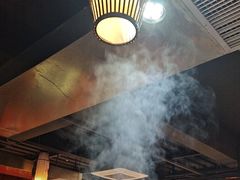 -蜀家渝重庆火锅(南屏街店)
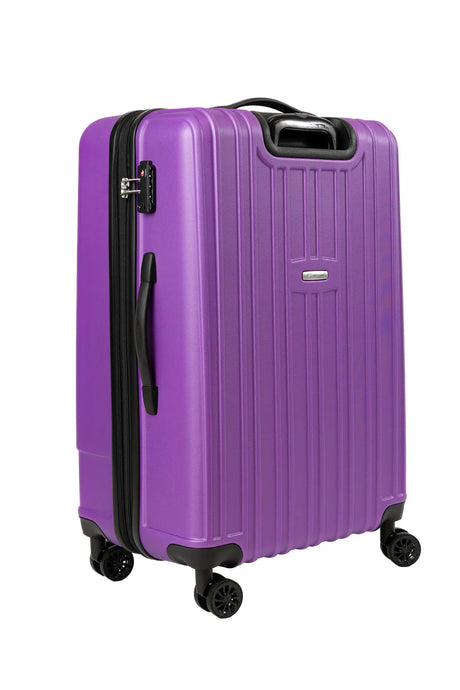 Cavalet Malibu 74 cm - Purple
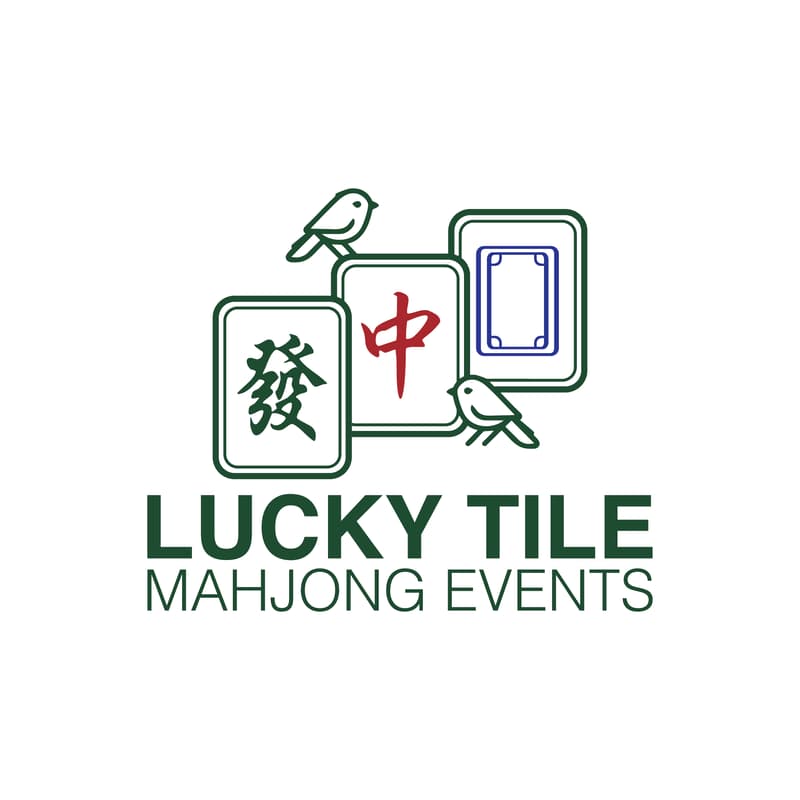 Cover Image for Lucky Tile Mahjong 101 - Intro to Mahjong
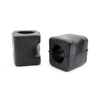 Nissan Leopard 1st Gen GX 1980-1986 Rear Stabilizer Shaft Rubber
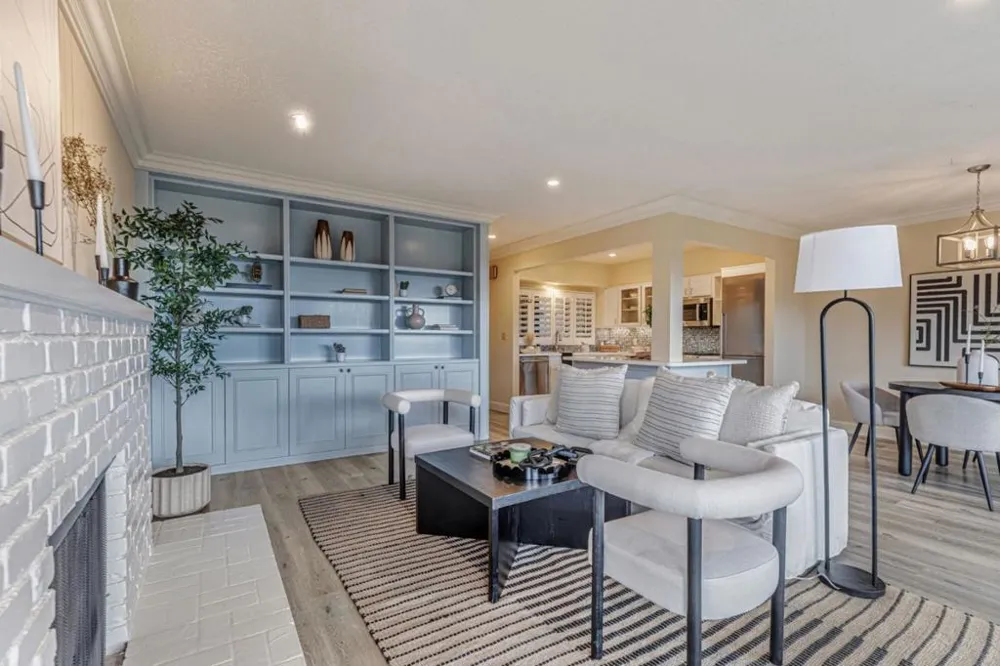 31 Del Mesa Carmel Carmel, CA 93923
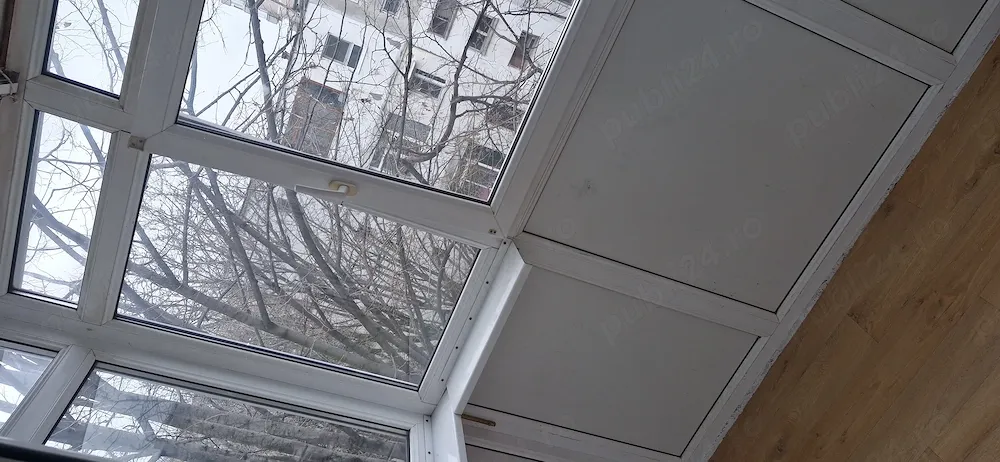 Apartament 2 camere Ploiesti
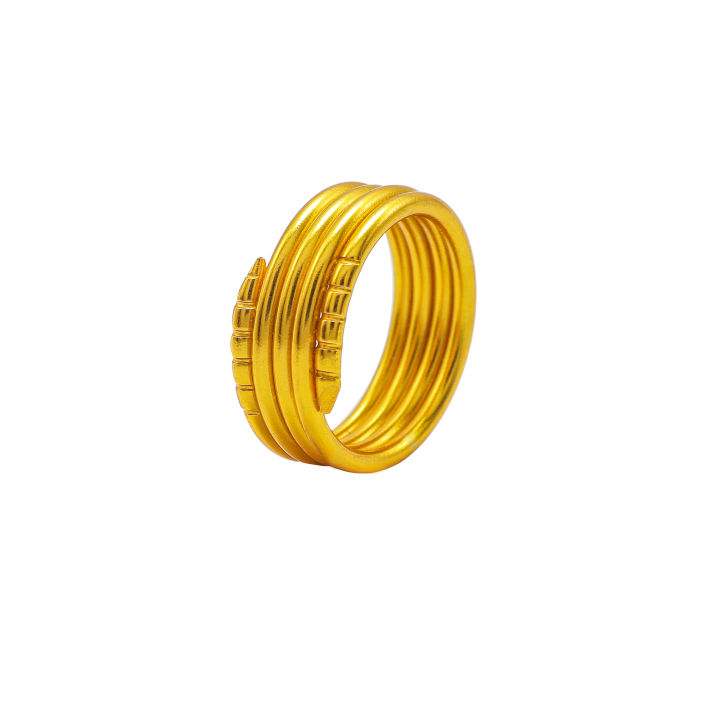 Gold%20Plated%20Beruwa%20Authi%20For%20Men%20And%20Women%20-%20Image%203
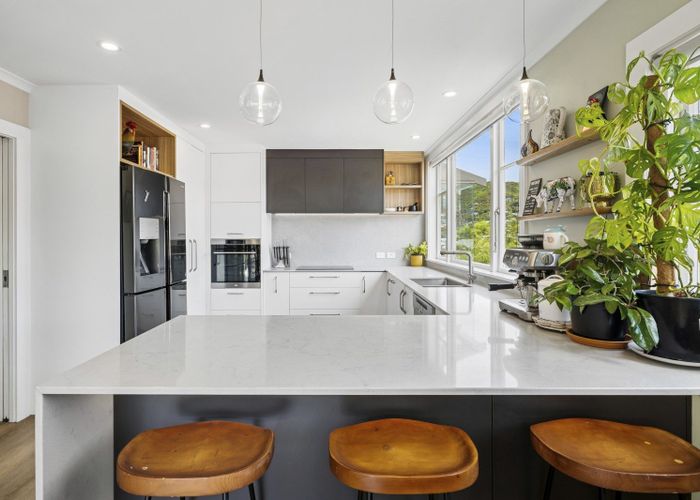  at 220 Karori Road, Karori, Wellington, Wellington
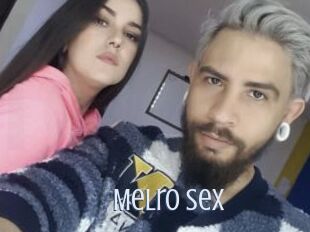 Melro_sex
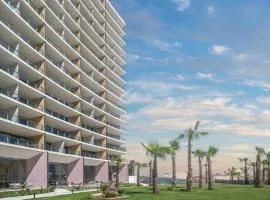 One 1706-Hotel Room - Experience the New Standard of Luxury on the Sea of Cortez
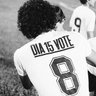 Rukasu🇧🇷🍉 profil fotoğrafı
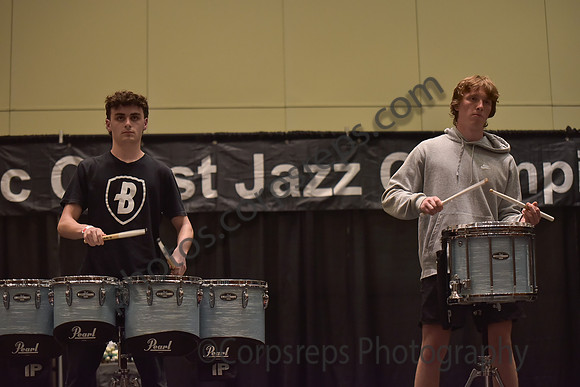 Percussion Showcase_250501_Wildwood-mg-11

──────────────────────────────

Make an exact copy of the records above, with the pictures left out.

 -蜀家渝重庆火锅(南屏街店)
 Cavalet Malibu 74 cm - Purple
 Cover Image for Lucky Tile Mahjong 101 - Intro to Mahjong
 Nissan Leopard 1st Gen GX 1980-1986 Rear Stabilizer Shaft Rubber
 31 Del Mesa Carmel Carmel, CA 93923
 Apartament 2 camere Ploiesti
 Gold%20Plated%20Beruwa%20Authi%20For%20Men%20And%20Women%20-%20Image%203
  at 220 Karori Road, Karori, Wellington, Wellington
 Melro_sex
 One 1706-Hotel Room - Experience the New Standard of Luxury on the Sea of Cortez
 Rukasu🇧🇷🍉 profil fotoğrafı
 Percussion Showcase_250501_Wildwood-mg-11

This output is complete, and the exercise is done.